Apa pun yang dilakukan si cowok sesudahnya, entah bisa menerima atau tidak,
akan ikut menjadi pelajaran yang bisa diserap kita pembaca. Kalau cuman
diselingkuhi-merana-menjomblo-kenalan-pedekate-pacaran, ya itu mah acara normal
saja. Sama kayak dicurhati sepupu.
Meski
begitu, ada beberapa bagian yang melaju terlalu cepat selintas, seperti momen
kemunculan Arvin, yang dinarasikan secara ringkas dan bukan melalui satu scene penuh. Periode pacaran Niwa dengan
Yama juga terlalu ringkas, banyak detail yang tidak dikisahkan, sehingga adegan
Yama dewasa mengganti mangkuk bakso yang kepedesan dengan bakso yang masih
biasa saja (hal 107), jadi kehilangan daya magisnya.
But
overall, Yamaniwa sukses bikin aku ngekek
sendiri di beberapa bagian, terutama obrolan antara Niwa dan Sisil yang jahil
serta adegan Niwa menjajal lingerie.
Juga saat Niwa mau menelepon Yama dan disuruh berdoa dulu sama Sisil.

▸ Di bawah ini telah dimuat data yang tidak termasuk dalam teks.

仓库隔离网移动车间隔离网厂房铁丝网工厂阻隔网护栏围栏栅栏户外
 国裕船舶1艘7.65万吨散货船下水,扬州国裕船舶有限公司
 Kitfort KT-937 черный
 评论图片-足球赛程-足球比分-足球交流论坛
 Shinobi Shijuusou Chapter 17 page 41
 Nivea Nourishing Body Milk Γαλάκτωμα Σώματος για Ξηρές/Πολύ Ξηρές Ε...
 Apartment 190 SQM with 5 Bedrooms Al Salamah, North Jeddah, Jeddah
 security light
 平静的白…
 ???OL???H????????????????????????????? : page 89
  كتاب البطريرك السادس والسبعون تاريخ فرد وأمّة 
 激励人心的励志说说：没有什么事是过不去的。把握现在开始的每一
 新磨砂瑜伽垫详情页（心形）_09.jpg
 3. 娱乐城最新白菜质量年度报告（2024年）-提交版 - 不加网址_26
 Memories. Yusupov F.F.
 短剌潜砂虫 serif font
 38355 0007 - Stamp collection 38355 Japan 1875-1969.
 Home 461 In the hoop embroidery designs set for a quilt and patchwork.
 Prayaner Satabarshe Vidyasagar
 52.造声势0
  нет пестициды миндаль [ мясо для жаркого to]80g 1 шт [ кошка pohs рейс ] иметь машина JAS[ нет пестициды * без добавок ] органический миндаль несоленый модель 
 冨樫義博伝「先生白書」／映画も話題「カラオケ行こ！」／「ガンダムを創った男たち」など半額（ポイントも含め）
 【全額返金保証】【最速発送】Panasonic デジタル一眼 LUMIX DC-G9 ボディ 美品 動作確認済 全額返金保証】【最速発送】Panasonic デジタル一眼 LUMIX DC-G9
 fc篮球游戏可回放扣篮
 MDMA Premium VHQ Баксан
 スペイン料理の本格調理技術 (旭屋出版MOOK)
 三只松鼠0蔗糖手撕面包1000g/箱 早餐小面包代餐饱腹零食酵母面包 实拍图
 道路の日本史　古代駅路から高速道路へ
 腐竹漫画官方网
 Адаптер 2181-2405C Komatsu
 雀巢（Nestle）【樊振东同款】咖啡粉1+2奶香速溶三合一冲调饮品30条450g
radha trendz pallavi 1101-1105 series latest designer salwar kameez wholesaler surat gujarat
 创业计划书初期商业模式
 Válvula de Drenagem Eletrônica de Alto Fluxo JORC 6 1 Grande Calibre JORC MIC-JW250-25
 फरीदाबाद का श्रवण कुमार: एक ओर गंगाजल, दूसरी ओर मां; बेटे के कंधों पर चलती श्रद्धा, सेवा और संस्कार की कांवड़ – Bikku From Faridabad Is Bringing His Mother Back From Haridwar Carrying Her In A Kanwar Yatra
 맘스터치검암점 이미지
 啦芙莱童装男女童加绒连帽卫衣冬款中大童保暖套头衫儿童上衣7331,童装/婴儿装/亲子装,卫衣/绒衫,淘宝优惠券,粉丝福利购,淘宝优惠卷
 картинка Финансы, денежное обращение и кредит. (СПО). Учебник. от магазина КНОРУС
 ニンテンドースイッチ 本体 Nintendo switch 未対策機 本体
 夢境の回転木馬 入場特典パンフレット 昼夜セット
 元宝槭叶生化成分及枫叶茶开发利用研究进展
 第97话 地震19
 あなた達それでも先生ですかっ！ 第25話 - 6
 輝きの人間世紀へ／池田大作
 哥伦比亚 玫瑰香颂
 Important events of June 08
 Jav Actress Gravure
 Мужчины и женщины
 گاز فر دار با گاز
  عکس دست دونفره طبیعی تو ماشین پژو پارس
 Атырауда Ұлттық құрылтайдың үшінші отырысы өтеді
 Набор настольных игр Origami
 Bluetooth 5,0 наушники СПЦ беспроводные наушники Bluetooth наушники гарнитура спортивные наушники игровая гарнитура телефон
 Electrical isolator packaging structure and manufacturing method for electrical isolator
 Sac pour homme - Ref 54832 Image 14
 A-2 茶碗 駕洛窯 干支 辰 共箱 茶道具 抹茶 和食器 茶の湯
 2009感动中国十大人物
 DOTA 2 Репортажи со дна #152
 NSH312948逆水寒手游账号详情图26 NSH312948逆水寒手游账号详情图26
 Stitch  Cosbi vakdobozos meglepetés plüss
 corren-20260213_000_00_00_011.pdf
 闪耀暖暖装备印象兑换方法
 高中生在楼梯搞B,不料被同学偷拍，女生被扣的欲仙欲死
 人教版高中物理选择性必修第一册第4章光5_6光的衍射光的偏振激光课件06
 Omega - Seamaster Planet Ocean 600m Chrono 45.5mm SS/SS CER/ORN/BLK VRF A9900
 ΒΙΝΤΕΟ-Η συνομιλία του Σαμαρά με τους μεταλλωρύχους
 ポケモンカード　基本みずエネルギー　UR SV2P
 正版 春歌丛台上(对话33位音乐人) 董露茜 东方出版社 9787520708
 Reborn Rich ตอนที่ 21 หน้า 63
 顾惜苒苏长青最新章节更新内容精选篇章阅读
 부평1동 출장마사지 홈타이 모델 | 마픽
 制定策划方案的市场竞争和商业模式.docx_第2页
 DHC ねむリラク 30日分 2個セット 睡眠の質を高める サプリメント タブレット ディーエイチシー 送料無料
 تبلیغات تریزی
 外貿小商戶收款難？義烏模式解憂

Lantas
karena lupa berdoa, Niwa nyaris semaput saat mendengar suara “calon istri”
Yama!
Satu
hal lagi yang layak di-highlight
adalah kerapiannya pada bagian prolog dan epilog. Scene prolog, saat Yama muncul mak
bedunduk di Niwatasari Modiste,
ditutup dengan gumaman Niwa menyebut “Yama…”. Lalu adegan epilog saat Niwa
pakai lingerie dan mau digrumut Yama, diakhiri dengan gumaman
Yama menyebut “Niwa…”.
Ini gimmick yang sangat keren, yang anehnya,
jarang sekali
kulihat ada di
banyak
novel mega best seller masa kini
yang pernah kubaca—kecuali punya’e
Dee.
Sekarang
pertanyaannya, kapan bakal ada audisi pemeran film untuk adaptasi novel ini?